Some approaches propose automatic ECN tuning for high-speed data center networks. Traditional methods for setting the ECN threshold involve manually configuring each switch, which can be time-consuming and error-prone. One proposed solution, referred to as Automatic ECN Tuning for High-Speed Datacenter or ACC, leverages multi-agent reinforcement learning to dynamically adjust the ECN threshold. Each switch acts as an independent agent that observes the network state and takes actions to optimize its own performance. The agents are trained using offline data collected from various traffic patterns and then fine-tuned online to adapt to real-time network conditions. Another method, called Dynamic ECN marking threshold (DEMT), adjusts the ECN marking threshold based on the number of concurrent flows. A fixed threshold can lead to high queuing delay or low link utilization, so DEMT dynamically adjusts the threshold to find a balance between these two factors.
However, ACC and DEMT share the same shortcoming as DCTCP, as they react to congestion after it occurs by adjusting the ECN threshold. This makes them unsuitable for bursty traffic where rapid changes can make it difficult for ACC to adjust the ECN threshold quickly enough to prevent congestion during peak periods.

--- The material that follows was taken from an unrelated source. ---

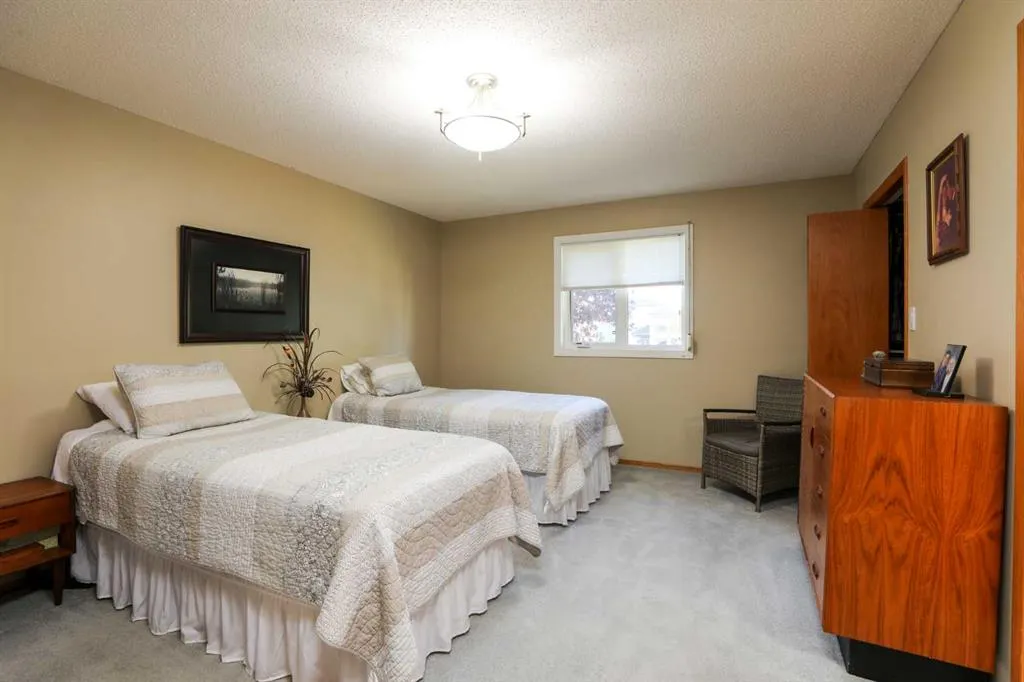 112 Edgewood Boulevard W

Another approach based on proactive congestion avoidance for distributed deep learning aims to mitigate distributed deep learning bottlenecks by adjusting ECN congestion marking thresholds on network switches proactively. This is done explicitly by the application to regulate the queue length within a switch before burst traffic arrives, resulting in the activation of ECN signals proactively. However, this approach is not well-suited for cloud computing environments where multiple users share a single network infrastructure. A switch port can only be configured with a single threshold, which can cause issues when multiple applications are competing for network resources. Furthermore, in cloud environments, network switch management is typically the responsibility of the cloud service provider, making the assumption of direct application control less feasible.
Existing transport protocols rely on estimating network state to adjust the application transmission rate. However, this approach may result in latency when responding to congestion after it occurs. This may further lead to substantial performance degradation, such as queue buildup on switches and packet drops.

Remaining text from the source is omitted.